Dans cette région, tous sont enfants et petits-enfants de mineurs, et tous sont allés au stade sur les épaules de leur père dès la maternelle.  En leur demandant de raconter, non pas les matches, mais leurs vécus dans le stade, Mohamed El Khatib leur permet de libérer leur parole. Mort des parents, misère sociale, Front National. La noirceur des corons est là à peine étouffée par les trompettes et cachée par les pompons forcements rouge et jaune, pardon, sang et or.

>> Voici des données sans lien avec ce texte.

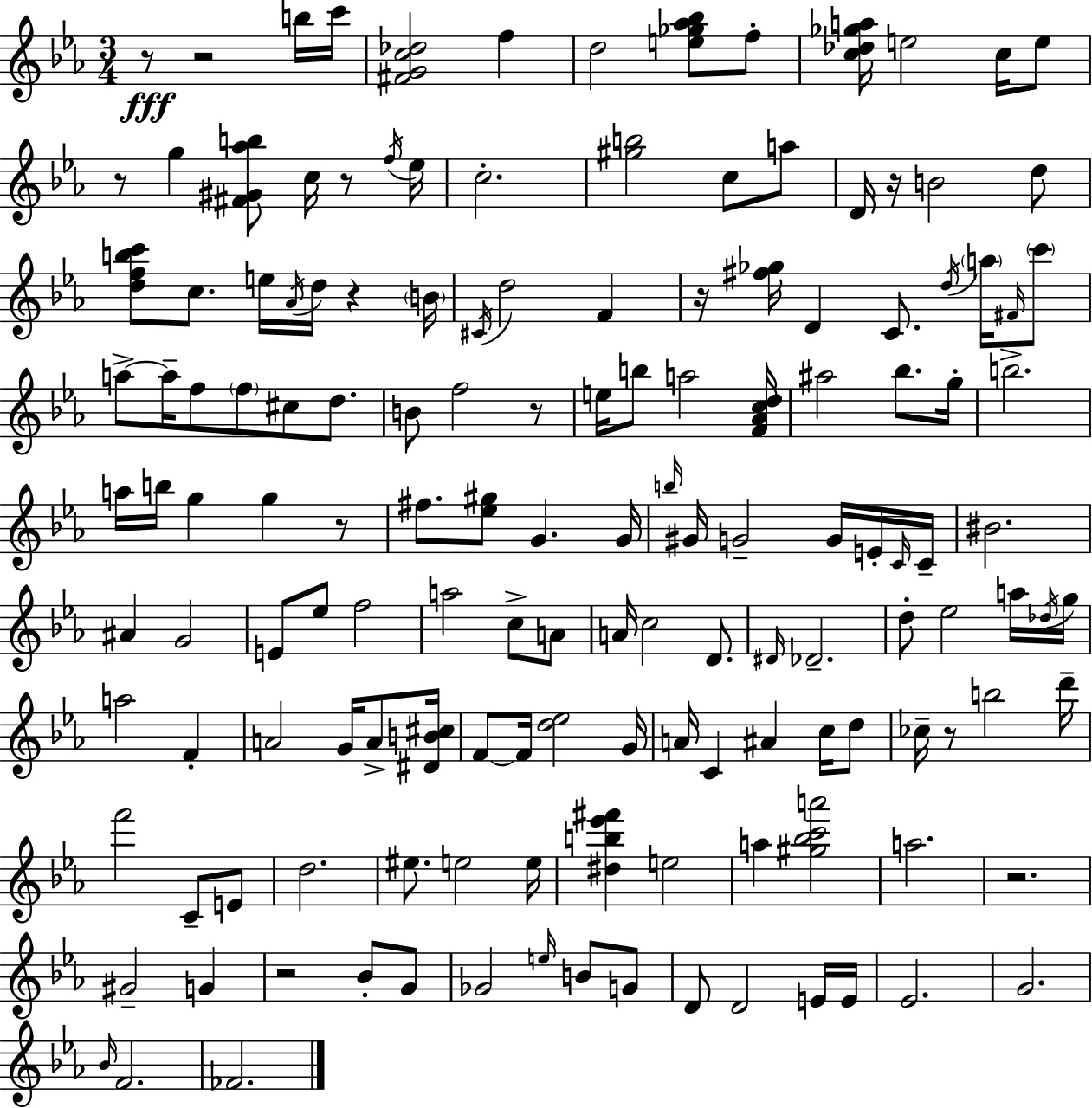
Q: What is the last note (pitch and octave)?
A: FES4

On se tient ici sur le fil entre le vulgaire et le radical, le pathétique et le superbe, tout le temps. Il nous scotche et nous saisit avec des images improbables. Il y a celle-ci : La baraque à frites dont le “Momo” en néon rouge donne un halo désespéré au plateau. Sur le côté, un club de mascottes tristement ridicules, l’un en lapin, l’autre en poule…et cet homme qui balance un immense drapeau fait par sa mère, morte depuis, à la main.

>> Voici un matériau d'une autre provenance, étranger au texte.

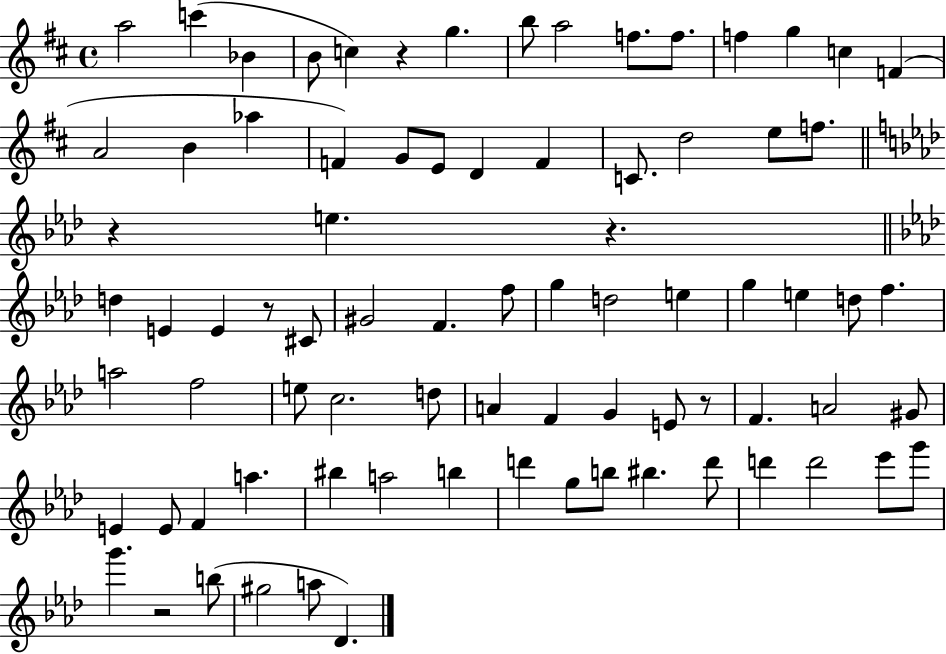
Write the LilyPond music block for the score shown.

{
  \clef treble
  \time 4/4
  \defaultTimeSignature
  \key d \major
  \repeat volta 2 { a''2 c'''4( bes'4 | b'8 c''4) r4 g''4. | b''8 a''2 f''8. f''8. | f''4 g''4 c''4 f'4( | \break a'2 b'4 aes''4 | f'4) g'8 e'8 d'4 f'4 | c'8. d''2 e''8 f''8. | \bar "||" \break \key aes \major r4 e''4. r4. | \bar "||" \break \key f \minor d''4 e'4 e'4 r8 cis'8 | gis'2 f'4. f''8 | g''4 d''2 e''4 | g''4 e''4 d''8 f''4. | \break a''2 f''2 | e''8 c''2. d''8 | a'4 f'4 g'4 e'8 r8 | f'4. a'2 gis'8 | \break e'4 e'8 f'4 a''4. | bis''4 a''2 b''4 | d'''4 g''8 b''8 bis''4. d'''8 | d'''4 d'''2 ees'''8 g'''8 | \break g'''4. r2 b''8( | gis''2 a''8 des'4.) | } \bar "|."
}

On éclate de rire souvent pourtant face à des punchlines glauques. Il y a cet arbitre, qui au lendemain de la mort se sa mère, s’est fait traité,non pas de fils de pute, comme d’habitude, mais d’orphelin de pute.  L’anecdote résume à elle seule l’exutoire que sont les tribunes avec une répartition des rôles qui donne un  sens à chacun, dans cette ville où le chômage atteint le record de 15%.

Mohamed El Khatib  qui propose trois spectacle au Festival d’Automne a, en trois ans, imposé un genre, celui de l’enquête théâtrale. Il sait alterner les témoignages filmés avec ceux au plateau, le vide d’une scène et les décors présents. Il est un artisan de l’équilibre et de l’émotion, du rire et des larmes. Il nous fait entendre avec intelligence la douleur des chants du stade.

“Nous on est là, nous on est là,

même si vous ne le méritez pas nous on est là !

Pour l’amour du maillot,

que vous portez sur le dos,

même si vous ne le méritez pas nous on est là !”

Stadium n’est donc pas un nouveau spectacle sur le foot, il y a eu, et des bons, il se range plutôt dans les thématiques de Pommerat, dans un genre très différent. Au noir et blanc du metteur en scène de Au Monde, lui impose les couleurs. Rouge et Jaune forcement. Sang et Or.